If not this time, when?

When will the heartbreak of coming close stop? When will Phil Mickelson win a U.S. Open, the one championship that always seems to elude him?

After all, if he can’t do it on birthday, on Father’s Day, with most of the crowd on hand not only urging him on but serenading him, it’s fair to wonder if that day will ever happen

“For me it’s very heart breaking,” said Mickelson, who had to settle for his sixth runner-up finish at the Open at 3-over par, shared with Australian Jason Day, two strokes behind winner Justin Rose. “Also playing very well here and really loving the golf course, I felt, heading in the way I was playing and the position I was in, this was my best chance.

“So this one’s probably the toughest for me. At 43 and coming so close five times, it would have changed the way I look at this tournament altogether and the way I would have looked at my record.”

Unable to sink a putt all day, it finally appeared Mickelson’s fortunes had changed when his 75-yard wedge on No. 10 dropped onto the green, then rolled right into the cup, tying him with Rose for the lead. Later in the day, after Rose bogeyed No. 16 to create a three-way tie with Mickelson and Hunter Mahan, the momentum again seemed to be turning.

Instead, while Rose was parring the final two holes to finish plus-1, Mickelson gambled on a long chip shot at 15 rather than an uphill putt. It left him with a 15-footer coming back, which wouldn’t drop for the decisive bogey.

Story of the day. Story of his Open career.
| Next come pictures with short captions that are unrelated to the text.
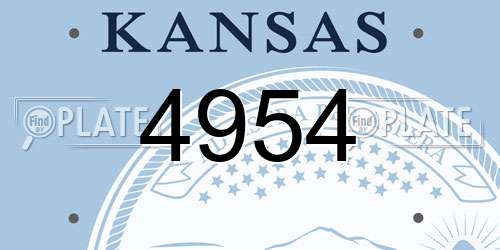4954 Kansas License Plate
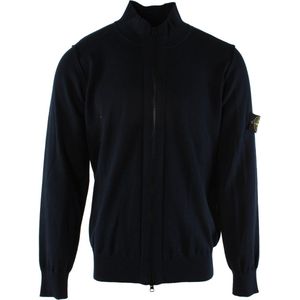 Stone Island - Vest - Blauw - Katoen - Ritssluiting - Met Capuchon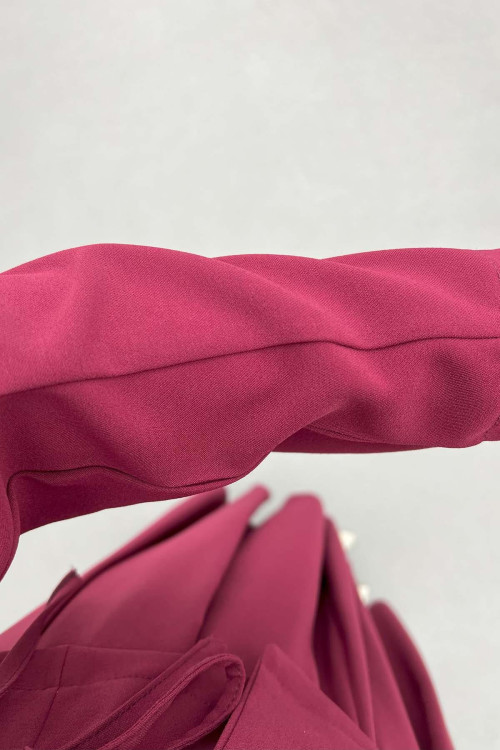 Sare Fashion Side Tie Skirt Suit Claret Red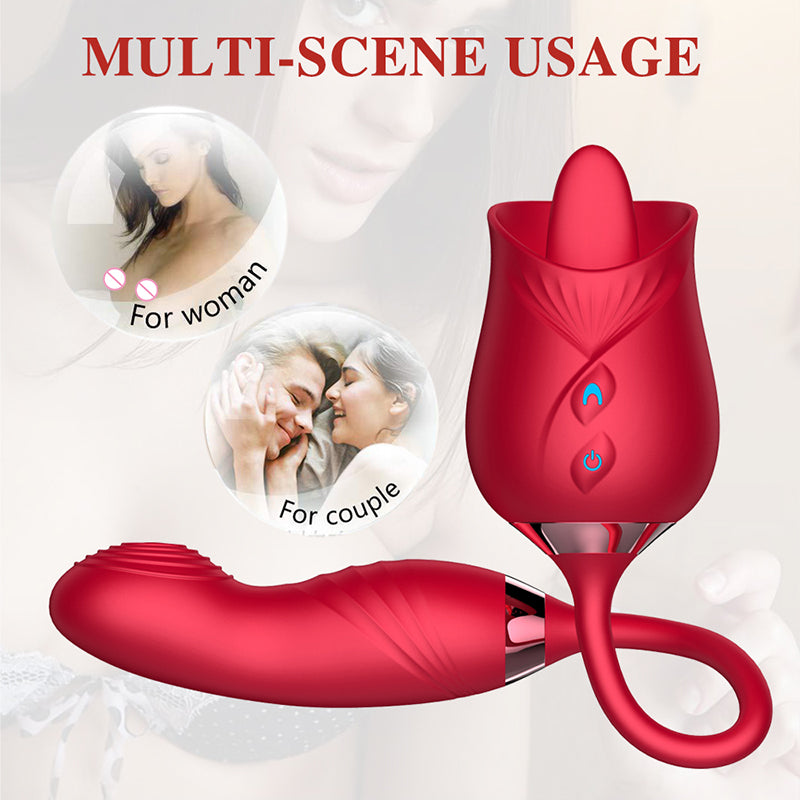 Love Rose Vibrator with Tongue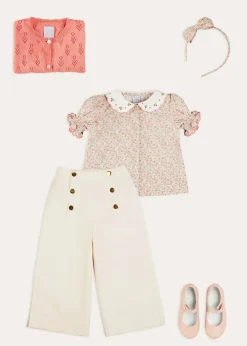 Pepa London Mabel Floral Embroidered Short Sleeve Blouse in Coral (18mths-10yrs) | Wide Leg Front Button Trousers in Beige (2-10yrs) | Floral Openwork Cotton Cardigan in Pink (2-10yrs) | Openwork short socks - Dusty Pink (0mths-10yrs) | Leather Mary Jane Shoes in Pink (24-34EU) | Mabel Floral Hairband in Coral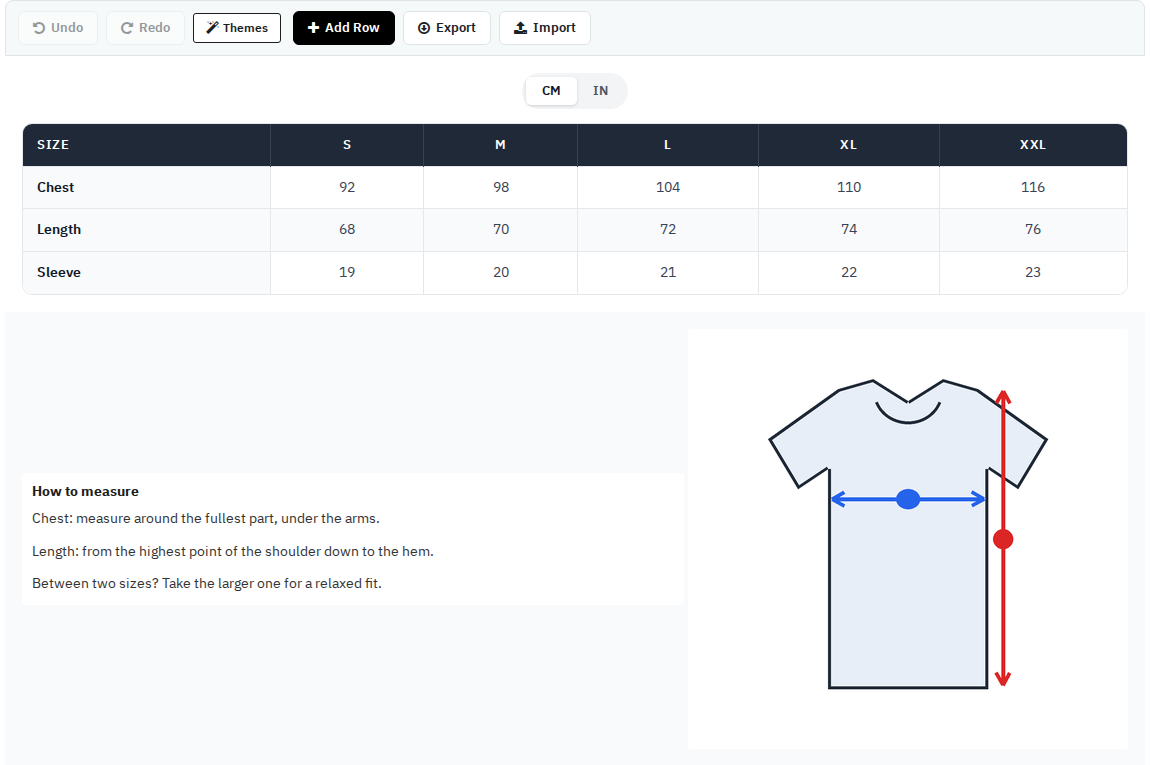 Sizechart Designer with a size table and a how-to-measure picture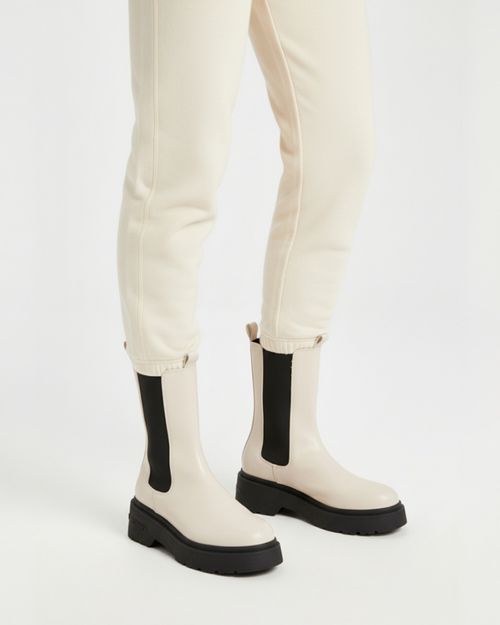 Ghete Chelsea Damă Piele Naturală - Bej 25KKW01009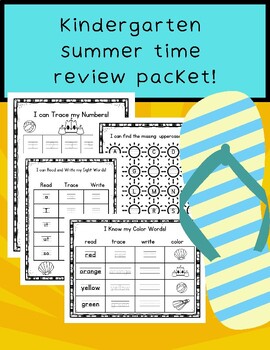 Preview of Kindergarten Summertime Review Packet!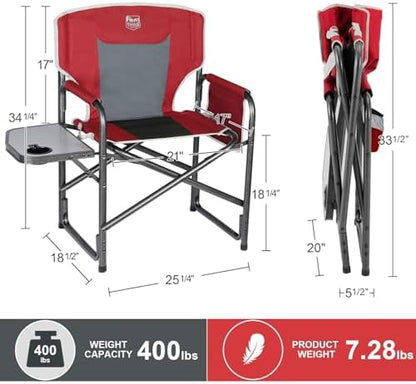 TIMBER RIDGE Aluminum Oversized Camping Chair, Support 400lbs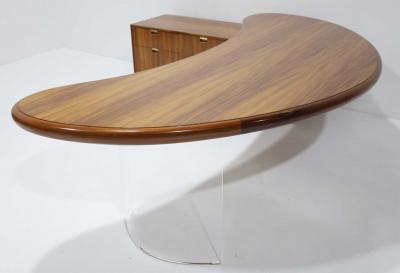 Vladimir Kagan Vladimir Kagan Kidney Desk with Credenza in Tawi Wood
“If I had won today or if I ultimately win, I’ll look back at the other Opens and think that it was a positive play,” smiled Mickelson, who praised the Philadelphia crowds and the folks at Merion for making it possible to bring the Open here. “If I never get the Open, then I look back and I think that — every time I think of the U.S. Open — I just think of heartbreak.”

And years from now when they remember the 2013 U.S. Open here at Merion, they’ll think of this when it comes to Phil Mickelson:So close and yet so far away.